VENUE: The Republicans are meeting in the First Union Center, the home of the National Hockey League's Philadelphia Flyers and the National Basketball Association's Philadelphia 76ers. The arena was completed in 1996.

COST: The total cost of the convention is estimated at $65 million, with $13.3 million provided by the federal government. Many corporations also contributed to convention costs.

SCHEDULE: The convention's opening night Monday features speeches by Bush's wife, Laura, and former Joint Chiefs of Staff Chairman Colin Powell.

Tuesday night's session includes a speech by Gulf War commander Gen. Norman Schwarzkopf from aboard the USS New Jersey, and Arizona Sen. John McCain, Bush's defeated rival for the Republican nomination.

On Wednesday night, vice presidential nominee Cheney delivers his acceptance speech.

The Thursday night session includes the convention highlight—the acceptance speech by Bush. Bush's communications director, Karen Hughes, said the speech was about 30 minutes long, without accounting for applause.

ROLL CALL: The Republicans will break with tradition in the roll call of states for the presidential nomination. This year, they plan to poll the delegates over four nights, rather than just one. Bush is expected to be put over the top Wednesday for the delegates needed for nomination.

For at least two decades, presidential nominations have been settled in the primaries rather than at the nominating conventions themselves, where senior party officials once wielded great clout in the selection process.

PLATFORM: Republicans approved a platform with a kinder, gentler tone on issues such as immigration and education policy, even as hard-line conservatives retained tough planks against abortion, homosexuality and sex education.

Despite the long hours of debate over the document, it is considered unlikely that much of it will be implemented if Bush is elected president.

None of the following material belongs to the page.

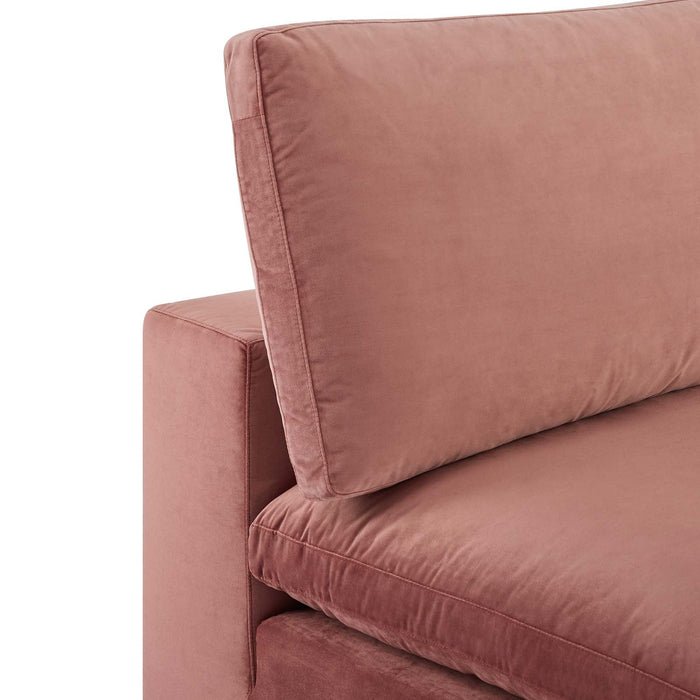 Commix Down Filled Armless Chair - Luxurious Performance Velvet, Spacious Design for Cozy Relaxation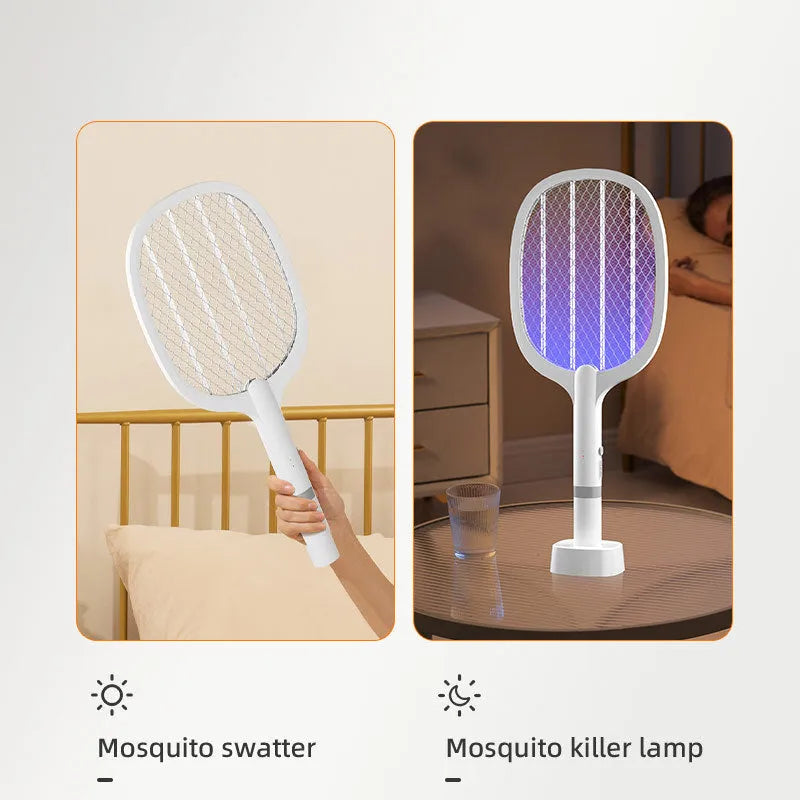 Rechargeable handheld electric mosquito swatter in 959 or 996 colour variant.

PROTESTS: Protest organizers have hoped for tens of thousands of demonstrators at the convention, topping the numbers seen at Vietnam-era demonstrations at the 1968 Democratic convention in Chicago, and the 1972 Republican convention in Miami Beach.

But their efforts Sunday did not live up to expectations as barely 5,000 activists rallied on the eve of the convention to draw attention to corporate money in politics, the death penalty and many other causes in a peaceful protest.

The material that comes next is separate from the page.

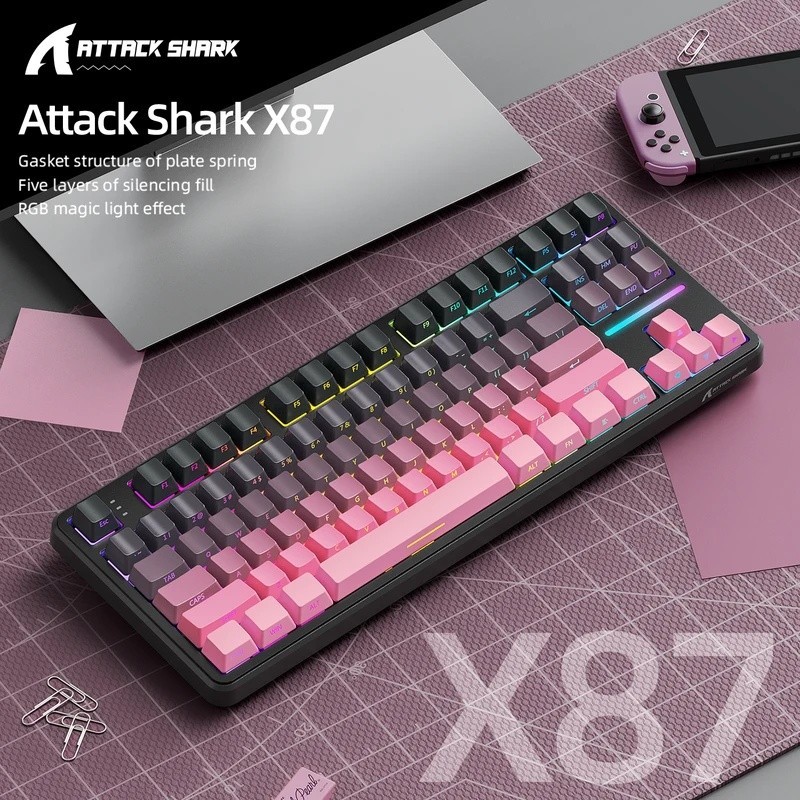ATTACK SHARK X87 คีย์บอร์ดไร้สาย 87 คีย์ TKL ปะเก็น RGB Hot Swap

Police were out in force, keeping a careful eye on several black-clad and masked anarchists in the crowd, but they caused no disruption. Police Commissioner John Timoney said he was "cautiously optimistic" that calm would prevail.

HISTORY: Republicans have returned to the city where they held their first presidential nominating convention in 1856 to select John Fremont. The Republicans also met in Philadelphia in 1872 to renominate President Ulysses S. Grant and in 1900 to renominate President William McKinley. Both won re-election. In 1940, the Republicans met in Philadelphia to select political neophyte Wendell Willkie, who lost the election to President Franklin Roosevelt.

At their last Philadelphia convention in 1948, the Republicans nominated New York Gov. Thomas Dewey. Although he had been the party's unsuccessful presidential nominee in 1944, Dewey appeared a shoo-in for the White House. But shortly after the Republican gathering, Philadelphia also hosted the 1948 Democratic National Convention that nominated President Harry Truman. After a whistle-stop "Give 'em hell" campaign, Truman beat Dewey in one of the biggest political upsets in American history.

PHILADELPHIA: The city of 1.4 million people has played a prominent part in U.S. history. The birthplace of the Declaration of Independence and the Constitution and home of the Liberty Bell, Philadelphia was also the U.S. capital from 1790 to 1800. After rebounding from a near brush with bankruptcy in the early 1990s, the heavily Democratic city is basking in its role as host to the Republicans, with civic leaders hailing the event as a symbol of its revival.